2.7. Voorts is het oordeel van de rechtbank juist dat uit de plankaart blijkt dat de bebouwing op de onderhavige bestemming tot op de perceelsgrens is toegestaan. Appellant kan niet worden gevolgd in zijn betoog dat voor deze bebouwing een minimale afstand van vier meter tot aan de perceelsgrens moet worden aangehouden, nu een dergelijke afstandseis niet in de planvoorschriften behorend bij deze bestemming is opgenomen.
2.8. Het hoger beroep is ongegrond.
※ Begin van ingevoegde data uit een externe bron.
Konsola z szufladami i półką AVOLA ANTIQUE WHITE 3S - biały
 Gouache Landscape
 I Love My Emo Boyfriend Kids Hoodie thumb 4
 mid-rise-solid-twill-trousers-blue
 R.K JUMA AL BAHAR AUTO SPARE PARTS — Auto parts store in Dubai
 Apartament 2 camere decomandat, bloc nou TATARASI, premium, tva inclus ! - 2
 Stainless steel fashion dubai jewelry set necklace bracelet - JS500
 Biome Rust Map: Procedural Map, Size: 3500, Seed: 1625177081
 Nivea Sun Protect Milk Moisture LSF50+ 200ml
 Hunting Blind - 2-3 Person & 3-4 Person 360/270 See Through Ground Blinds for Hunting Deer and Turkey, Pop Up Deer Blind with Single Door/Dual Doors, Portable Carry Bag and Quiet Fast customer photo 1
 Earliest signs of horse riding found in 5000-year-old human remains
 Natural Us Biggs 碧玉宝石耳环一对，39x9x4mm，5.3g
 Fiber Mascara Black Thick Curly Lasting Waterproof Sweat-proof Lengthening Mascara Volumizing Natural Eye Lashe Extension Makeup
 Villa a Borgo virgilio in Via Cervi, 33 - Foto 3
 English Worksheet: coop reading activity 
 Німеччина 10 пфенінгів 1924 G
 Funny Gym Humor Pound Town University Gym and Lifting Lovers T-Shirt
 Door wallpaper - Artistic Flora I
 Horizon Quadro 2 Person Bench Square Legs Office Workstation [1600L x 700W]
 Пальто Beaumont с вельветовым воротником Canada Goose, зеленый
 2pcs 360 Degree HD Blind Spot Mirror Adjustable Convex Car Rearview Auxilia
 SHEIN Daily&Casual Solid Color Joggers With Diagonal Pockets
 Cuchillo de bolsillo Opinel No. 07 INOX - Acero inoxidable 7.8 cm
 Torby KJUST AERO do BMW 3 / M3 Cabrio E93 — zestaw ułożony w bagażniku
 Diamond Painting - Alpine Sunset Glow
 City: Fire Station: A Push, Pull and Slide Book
De aangevallen uitspraak dient te worden bevestigd.
2.9. Voor een proceskostenveroordeling bestaat geen aanleiding.
De Afdeling bestuursrechtspraak van de Raad van State
Recht doende in naam der Koningin:
bevestigt de aangevallen uitspraak.
Aldus vastgesteld door mr. W. van den Brink, Lid van de enkelvoudige kamer, in tegenwoordigheid van mr. R.P.F. Boermans, ambtenaar van Staat.